During the model training, a randomised subset of the dataset needs to be selected every time and a decision tree is then trained on this subset.

The hyperparameters for the Random Forest classifier are the same as the hyperparameters for individual decision trees (e.g. ``max_depth``). However, since multiple trees are built, the number of trees also needs to be set. This is done with the ``n_estimators`` hyperparameter.

### Feature selection

We can first select features for the model. For this example, we will start by selecting $ \log (Q_t) $ and $ \log (F_r) $, the same features as in the tutorial. We can also add the depth ``'z [m]'``The target is the Soil type inferred from the borehole logs.

In [None]:
X = data[['log(Fr)', '____', '____']]
y = data['____']

### Train-test splitting

We can split the data keeping 20% as the test set. ``X_train`` and ``y_train`` are the features and target (true value) of the training set and are used to train the classifier. ``X_test`` and ``y_test`` are the features and target of the test set. These are used to evaluate whether the model generalises well.

In [None]:
X_train, X_test, y_train, y_test = ____(____, y, test_size=____, random_state=42)

### Hyperparameter selection

The ``n_estimators`` and ``max_depth`` hyperparameters can be set for the ``RandomForestClassifier``.

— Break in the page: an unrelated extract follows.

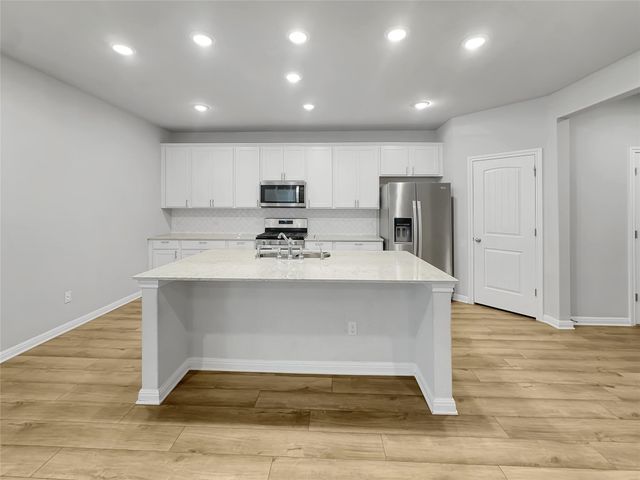 1916 Blue River DR, Leander, TX 78641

## Random Forest classifier

We can set up the classifier with the selected hyperparameters (``n_estimators=100`` and a maximum tree depth of 4).

In [None]:
rfc = ____(n_estimators=____, ____=4)

We can train this classifier using the training data.

In [None]:
rfc.____(____, _____)

Given the relatively modest volume of data, the training process is quick. The trained model can now be used to make predictions.

First, we can predict the labels for the training dataset:

In [None]:
y_pred_train = rfc.____(____)

The accuracy score can be assessed:

In [None]:
accuracy_score(y_true=____, y_pred=____)

Is this accuracy greater than the accuracy of the simple decision tree model?

Predictions can also be made on the test set and the accuracy can be evaluated.

In [None]:
y_pred_test = rfc.____(____)
accuracy_score(y_true=____, y_pred=____)

Does this model generalise well?

Confusion matrices for the train and test set can be visualised:

In [None]:
cf_train = confusion_matrix(
    ____, ____, labels=[3, 4, 5, 6, 7, 8], normalize='true')
cf_test = confusion_matrix(
    ____, ____, labels=[3, 4, 5, 6, 7, 8], normalize='true')

In [None]:
fig = subplots.make_subplots(rows=1, cols=2, print_grid=False, subplot_titles=('Training data', 'Test data'))

cf_train_trace = go.Heatmap(
    z=____, x=[3, 4, 5, 6, 7, 8], y=[3, 4, 5, 6, 7, 8], showlegend=False, showscale=True)
fig.append_trace(cf_train_trace, 1, 1)
cf_test_trace = go.Heatmap(
    z=____, x=[3, 4, 5, 6, 7, 8], y=[3, 4, 5, 6, 7, 8], showlegend=False, showscale=False)
fig.append_trace(cf_test_trace, 1, 2)
fig['layout']['xaxis1'].update(title='Predicted class', tickvals=[3, 4, 5, 6, 7, 8])
fig['layout']['yaxis1'].update(title='True class', tickvals=[3, 4, 5, 6, 7, 8])
fig['layout']['xaxis2'].update(title='Predicted class', tickvals=[3, 4, 5, 6, 7, 8])
fig['layout']['yaxis2'].update(title='True class', tickvals=[3, 4, 5, 6, 7, 8])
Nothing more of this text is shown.